Crises como estas pela qual passamos, na qual o enfrentamento da pandemia do Covid-19 tem reestruturado a maneira de a sociedade funcionar, são também tempos de experiência e de reflexão diante dos fatos. Por exemplo: o fechamento das atividades não essenciais, com vistas a achatar a curva da doença e evitar o colapso do sistema de saúde, levou ao crescimento do uso de atendentes virtuais em vários segmentos de negócio, como forma de assistir às pessoas neste momento difícil, mantendo-as em casa.

Isto, dentre outros fatores, está acelerando, segundo algumas opiniões[1], nossa entrada na era da pós-transformação digital, momento em que as empresas que já avançaram na otimização do seu desempenho via tecnologia têm de lidar com os impactos culturais e paradigmáticos dessa otimização. Em se tratando de empresas do setor público, onde tem disparado o uso de atendentes virtuais para o auxílio no consumo de serviços de utilidade (como água e luz), este impacto cultural costuma ser mais traumático.

O esforço deste breve artigo é justamente discutir a relação da e-burocracia (ou burocracia digital) com o setor público, e do quanto esta relação costuma entravar a transformação digital, tendo em vista o uso de bots para atendimentos não-presenciais de clientes de concessionárias de utilities. A grande pergunta sem resposta que será levantada é a seguinte: se tivéssemos hoje dispositivos que flexibilizassem a burocracia, estaríamos indo para uma era de transformação digital significativa no setor público?

Antes, vamos definir o que é burocracia. Segundo acredita o sociólogo alemão Max Weber, as relações desta, em tese, são definidas por uma regulamentação jurídica cuja meta é a razão e a impessoalidade. No caso brasileiro, alguns célebres estudiosos do problema, a exemplo do sociólogo Raymondo Faoro (autor do clássico: Os donos do poder), acreditam que, pelo contrário, a burocracia que nasce com a formação do Brasil não é nem racional nem impessoal, uma vez que os interesses corporativistas se infiltraram em setores do governo justamente para impedir a impessoalidade necessária para a construção de uma administração moderna.

Em outras palavras: nosso sistema democrático teria se tornado um sistema burocrático, e o poder que adviria do povo seria agora exercido contra ele por meio de um estamento burocrático cuja finalidade histórica é criar empecilhos, para depois vender desvios para vencê-los.

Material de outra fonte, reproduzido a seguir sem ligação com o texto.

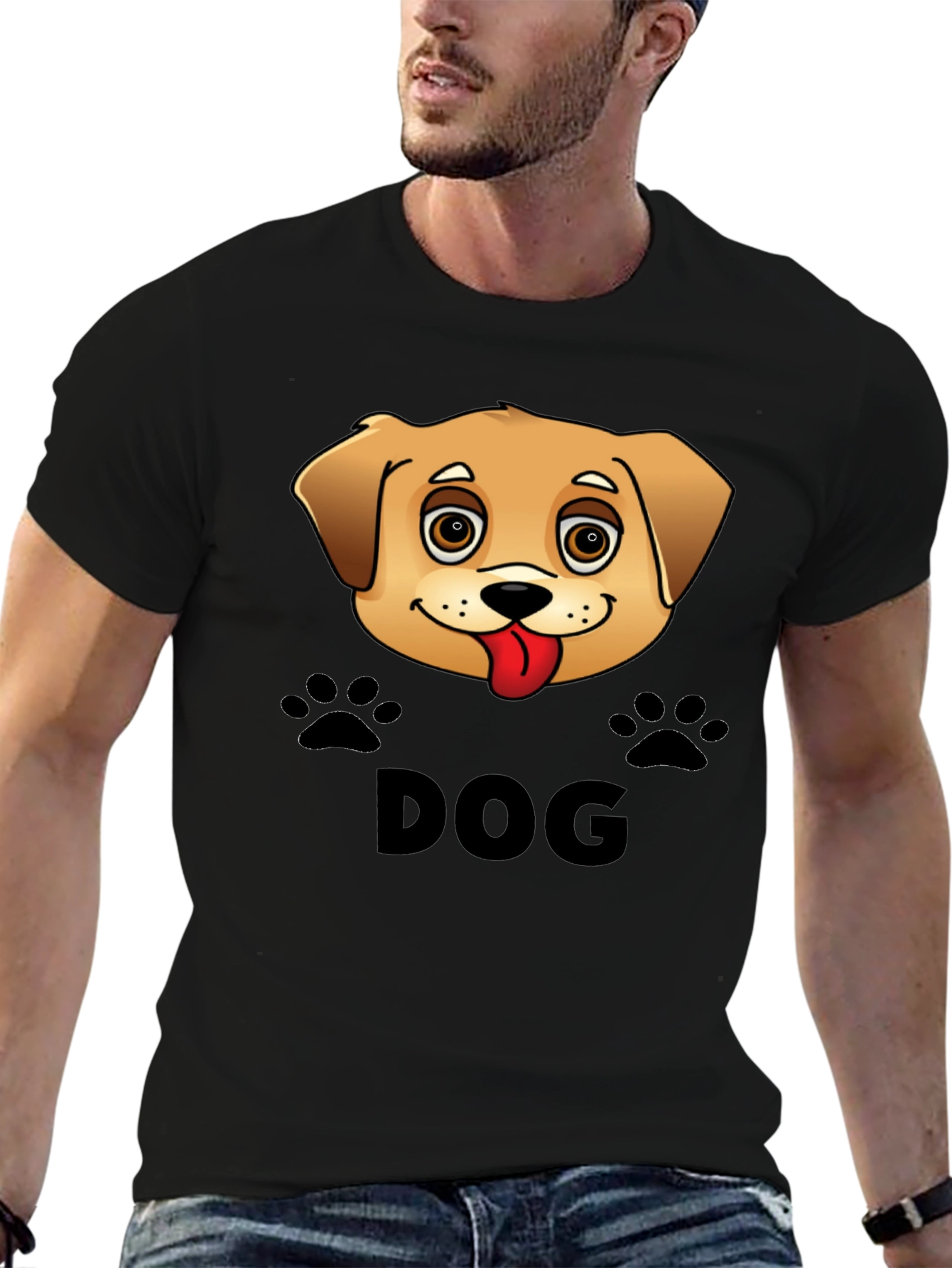 Camiseta Negra Diseño Perro Lindo
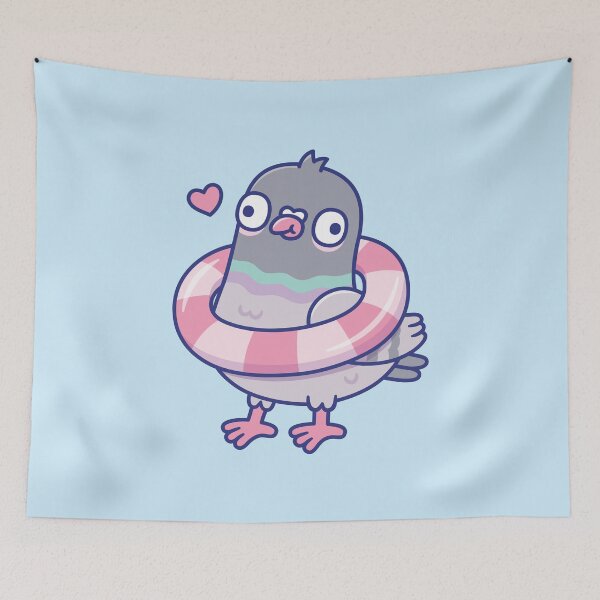 Item preview, Funny Derpy Pigeon With Pool Float Around Its Neck designed and sold by rustydoodle.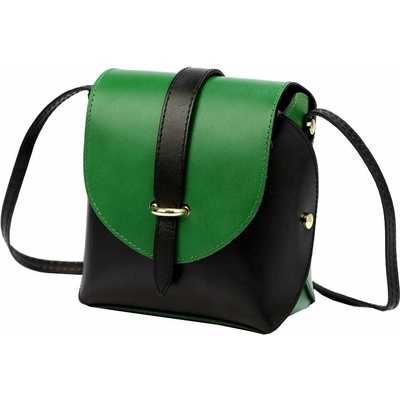 Gregorio dámska kabelka 1717-2 Black with Green Shoulder Detail Prírodná koža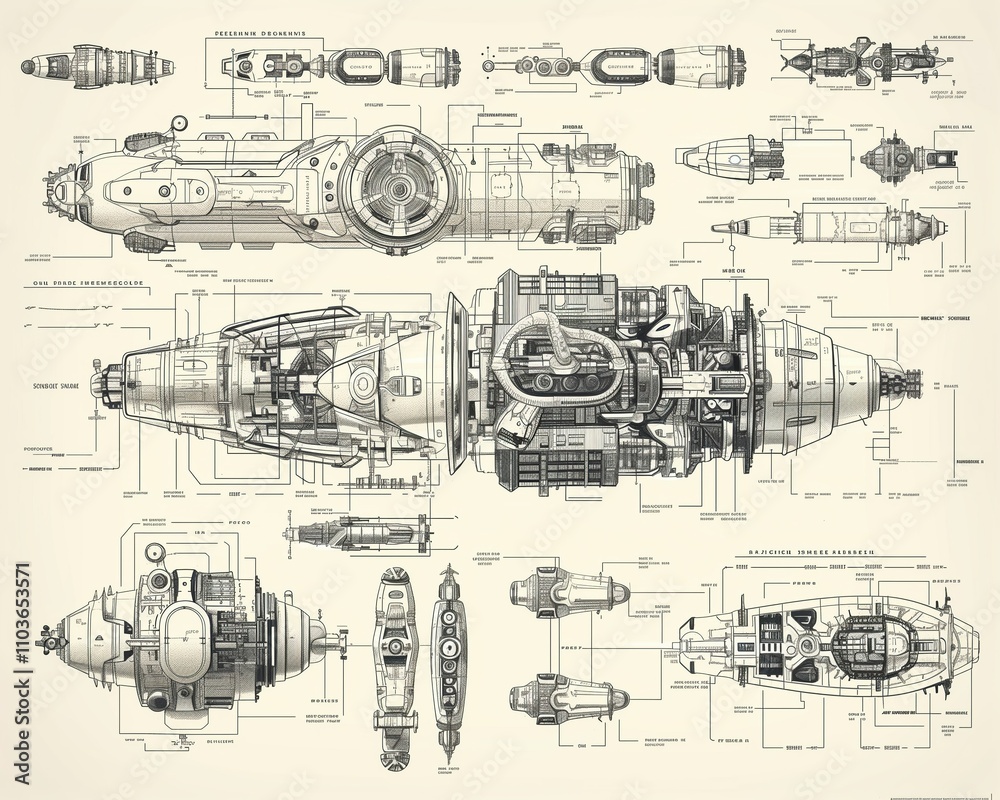Obraz premium Detailed technical drawings of modern futuristic machinery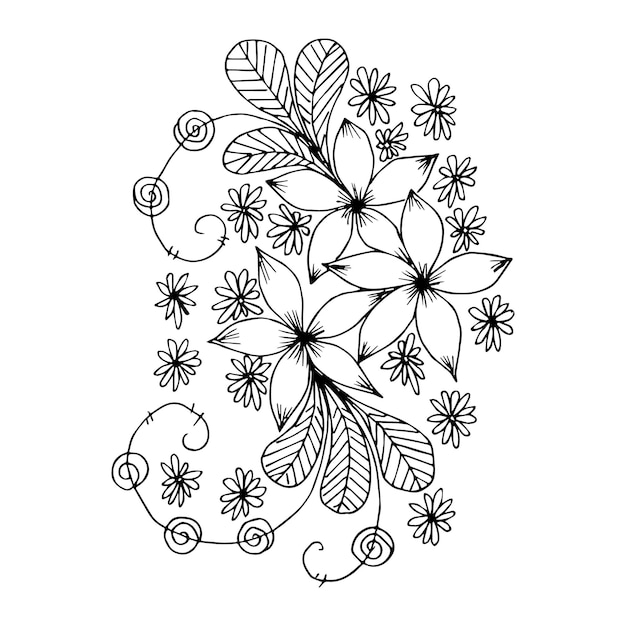 Ręcznie Rysowane Kompozycja Kwiatowa W Czarno-białym Kolorze Doodle Lub Styl Szkic Wektor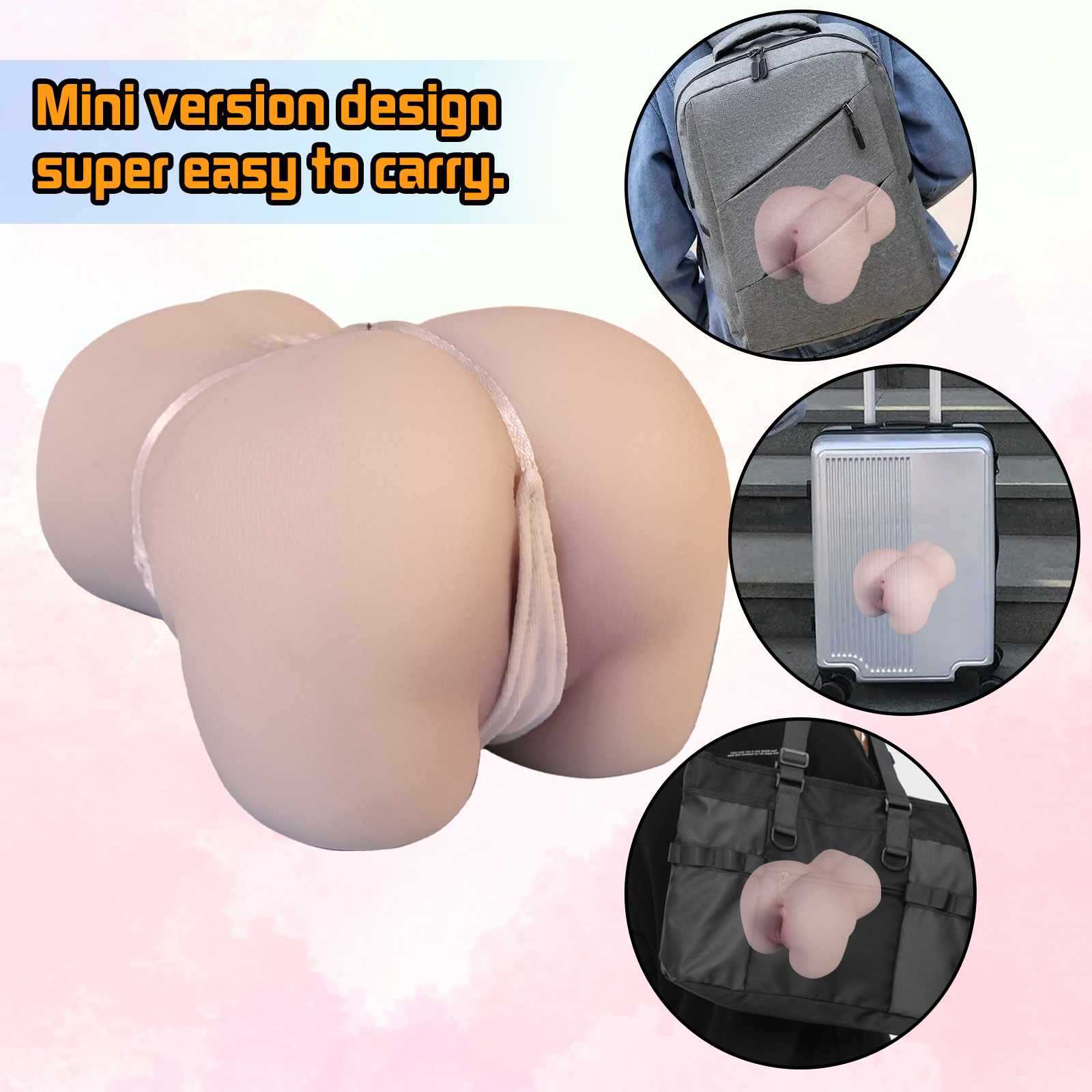Simulated Dual-channel Male Masturbator 1.2kg Adult Toy Fleshy Pocket Pussy with Vagina & Anal - 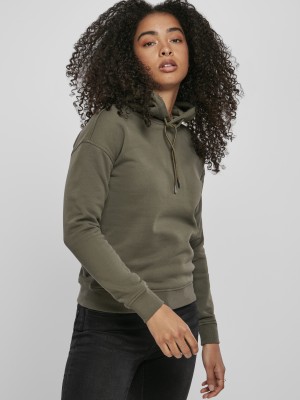 Дамски суичър в цвят маслина Urban Classics Ladies Organic Hoody 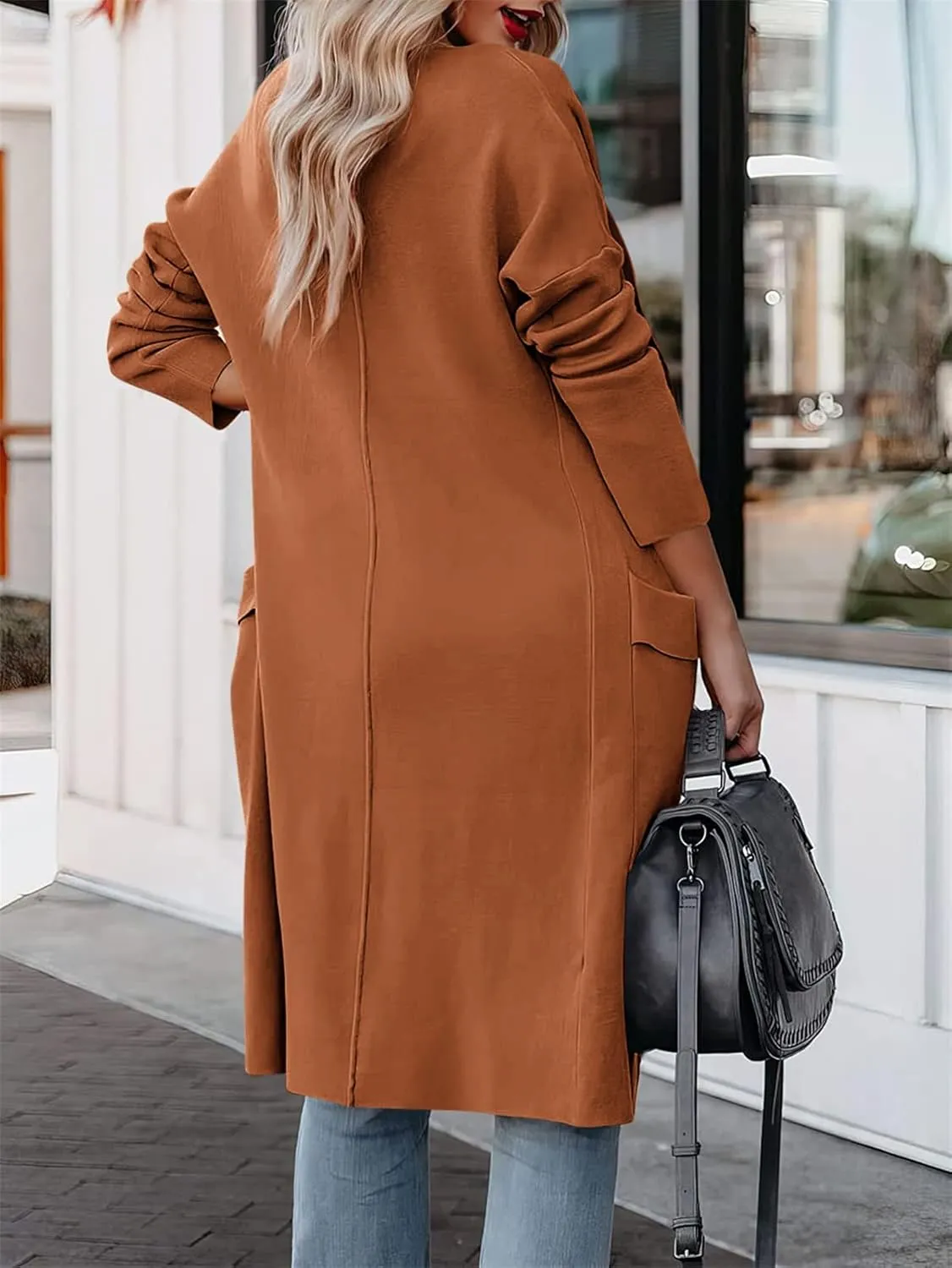 Yousify Women's Cardigan Sweater Long Sleeve Open Front Knit Casual Coat Sweater Jacket with Pockets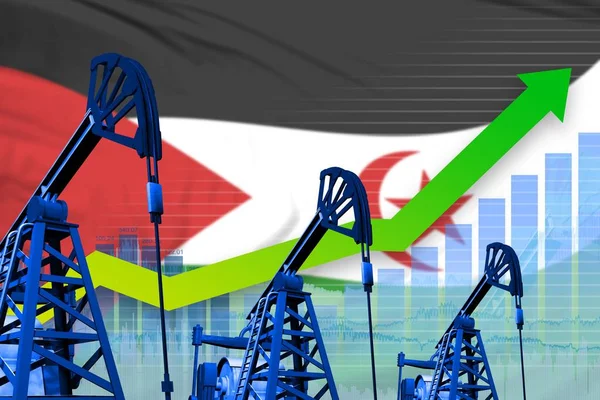 Western Sahara oil industry concept, industrial illustration - growing graph on Western Sahara flag background. 3D Illustration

Mas comparar as diferenças teóricas e históricas entre a burocracia weberiana e a brasileira não é nossa intenção aqui. Tampouco o é demonizar o setor público, pincelando-o com as tintas do atraso e da ineficiência. A questão que debatemos é bem mais simples, e se debruça sobre o setor público unicamente pelo fato de este ser herdeiro direto desse modelo burocrático que vem no esteio da nossa história.

Seguindo adiante: uma das maiores metas do desenvolvimento tecnológico no setor público é o aperfeiçoamento de seus processos, e não se ver encurralado a apenas espelhar a burocracia, a princípio inerentes a eles. A não adesão às reformas que a tecnologia propõe, por parte da governança e de representantes de “direitos adquiridos” é o principal entrave que leva esse movimento a se resumir a uma simples transferência de todos os desgastes do mundo real para o mundo virtual, o que configuraria a e-burocracia propriamente dita. É este o entendimento de Zahid Hasnain[2] (especialista sênior do setor público), para quem a estreia de empresas públicas no mundo digital deveria ser uma ótima oportunidade de reforma do setor, no sentido de conectar serviços com agilidade, e com o único propósito de facilitar a vida dos cidadãos, consumidores de serviços de utilities.

Depois da desigualdade social e da necessidade de capacitação digital, a e-burocracia é apontada por diversos estudos[3] como uma das principais barreiras a serem vencidas neste momento. O remédio ideal contra ela é a descentralização de dados e processos, com foco na satisfação do cidadão. Quer um bom exemplo? O Next Bank que, no ano passado, passou a dispensar o comprovante de residência para abertura de conta corrente; substituindo, como prova, o documento físico pela geolocalização do celular.

Bons exemplos no setor público? Concessionárias de água como a Casal (de Alagoas), a Cagepa (da Paraíba) ou a Caern (do Rio Grande do Norte), que utilizam o Boto da Consenso Tecnologia para dispor, no atendimento virtual, de serviços importantes para a população, como a atualização cadastral dos dados de seus clientes e a abertura de solicitação de serviços, como reclamações de vazamentos ou falta d’água.

Indo nesta direção, a entrada da tecnologia na esfera pública deve supor o aperfeiçoamento dos dados com vistas à satisfação do cidadão, ao ofertar as melhores soluções técnicas e de utilidade pública para a sociedade. Em tempos de Covid-19, a adoção de bots para suprir o atendimento presencial temporariamente suspenso deveria vir acompanhada da melhoria da produtividade, e da ideia de que este seria o momento de utilizar a tecnologia para ultrapassar as falhas da burocracia.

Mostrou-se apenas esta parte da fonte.